The ruling overturns a lower-court decision that said Puerto Rico’s 2.4 million voters had the right to cast presidential ballots.
The First U.S. Circuit Court of Appeals cited Article II of the Constitution, which says that only states can send electors to the Electoral College. Voters in the District of Columbia were granted presidential voting rights in 1961 by the 23rd Amendment.
Chief appellate Judge Juan R. Torruella issued a separate but concurring opinion sharply critical of what he called the U.S. government’s “national disenfranchisement” of Puerto Rican citizens. “The perpetuation of this colonial condition runs against the very principles upon which this nation was founded,” Mr. Torruella wrote.

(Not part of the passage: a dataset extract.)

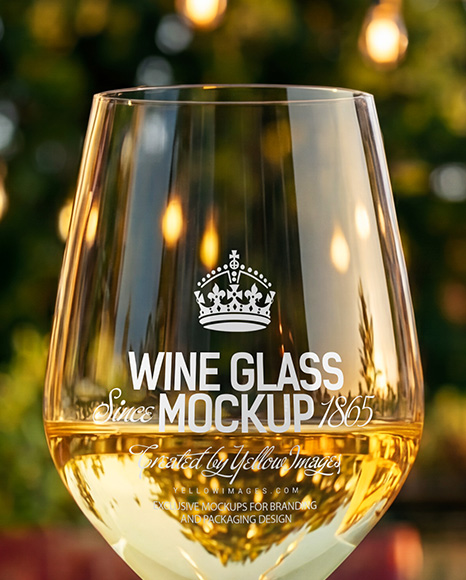 White Wine Glass Mockup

Justice Department spokesman Charles Miller declined comment on the judge’s opinion but said the ruling as a whole was correct. Puerto Rico Gov. Pedro Rossello had said he would appeal to the U.S. Supreme court if voting rights were denied. His office didn’t immediately return phone calls seeking comment.

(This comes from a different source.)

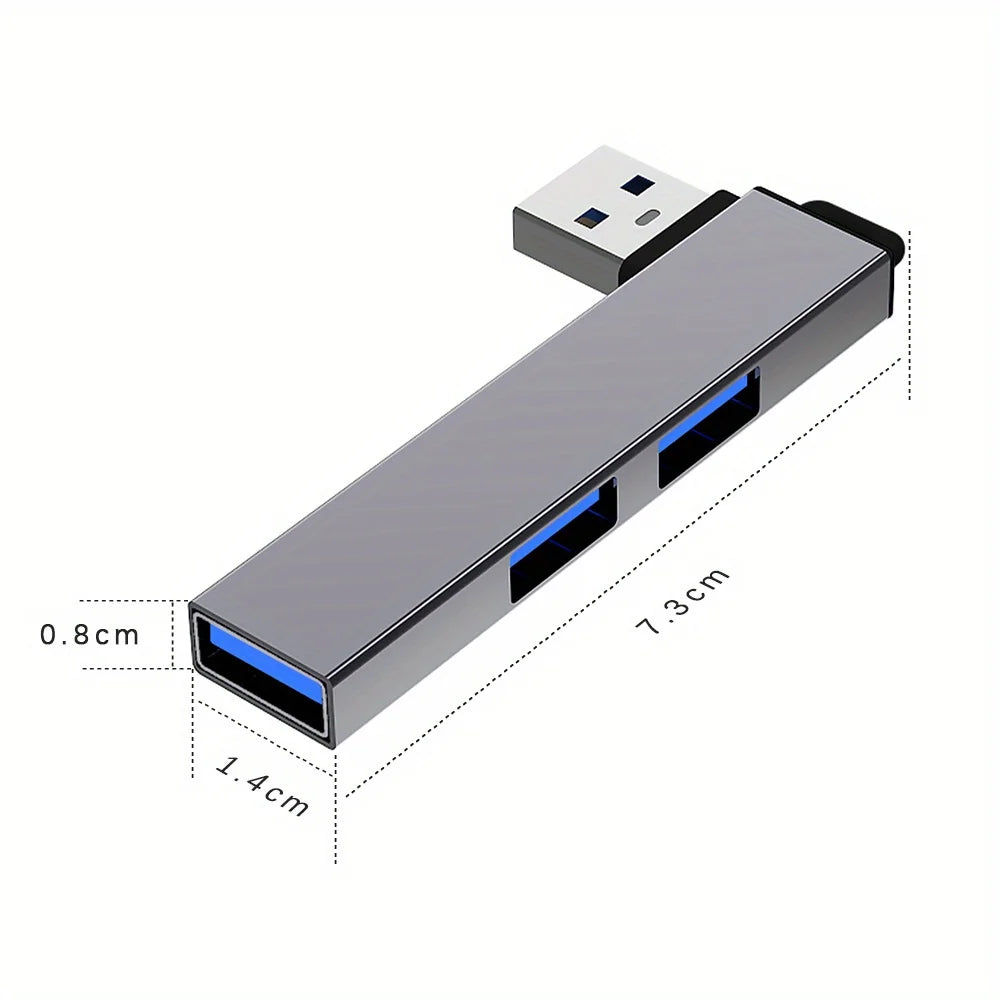 3-Port Aluminum USB Hub — High-Speed Data Splitter for Laptop and PC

The voting-rights case was brought by two groups — one of lifelong Puerto Ricans claiming an inherent right to vote as U.S. citizens, and a second of former residents of the 50 states who returned to Puerto Rico and lost their vote in presidential elections.
The same court ruled against Gregorio Igartua, one of the 11 plaintiffs in this case, in a similar lawsuit in 1994. The court said Friday that nothing had changed since 1994.
Puerto Ricans are allowed to vote in presidential primaries. Congress made Puerto Ricans U.S. citizens in 1917, and they are allowed to vote if they become residents of the mainland. The territory has 3.5 million residents and would have eight electors in the Electoral College, if they were allowed to cast presidential ballots. (AP)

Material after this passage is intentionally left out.